Even so it is in the language of man, and in that of nature. The sound sun, or the figures s, u, n, are purely arbitrary modes of recalling the object, and for visual mere objects they are not only sufficient, but have infinite advantages from their very nothingness per se. But the language
of nature is a subordinate Logos, that was in the beginning, and was with the thing it represented, and was the thing it represented.

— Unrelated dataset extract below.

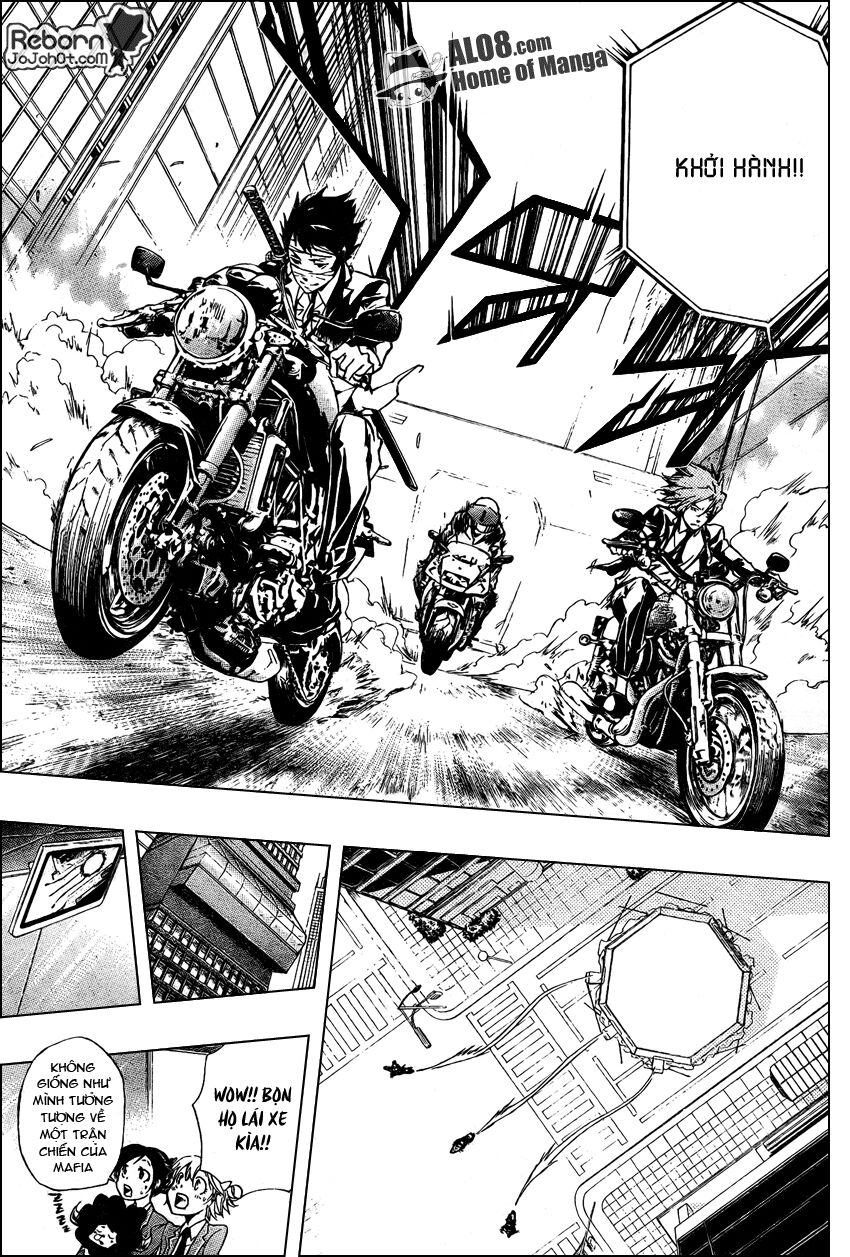 Reborn: Người đào tạo sát thủ: Chapter 243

Now the language of Shakspeare, in his Lear for instance, is a something intermediate between these two; or rather it is the former blended with the latter,--the arbitrary, not merely recalling the cold notion of the thing, but expressing the reality of it, and, as arbitrary language is an heir-loom of the human race, being itself a part of that which it manifests. What shall I deduce from the preceding positions ? Even this,—the appropriate, the never to be too much valued advantage of the theatre, if only the actors were what we know they have been,-a delightful, yet most effectual remedy for this dead palsy of the public mind. What would appear mad or ludicrous in a book, when presented to the senses under the form of reality, and with the truth of nature, supplies a species of actual experience. This is indeed the special privilege of a great actor over a great poet. No part was ever played in perfection, but nature justified herself in the hearts of all her children, in what state soever they were, short of absolute moral exhaustion, or downright stupidity. There is no time given to ask? questions, or to pass judgments; we are taken by storm, and, though in the histrionic art many a clumsy counterfeit, by caricature of one or two features, may gain applause as a fine likeness, yet never was the very thing rejected as a counterfeit.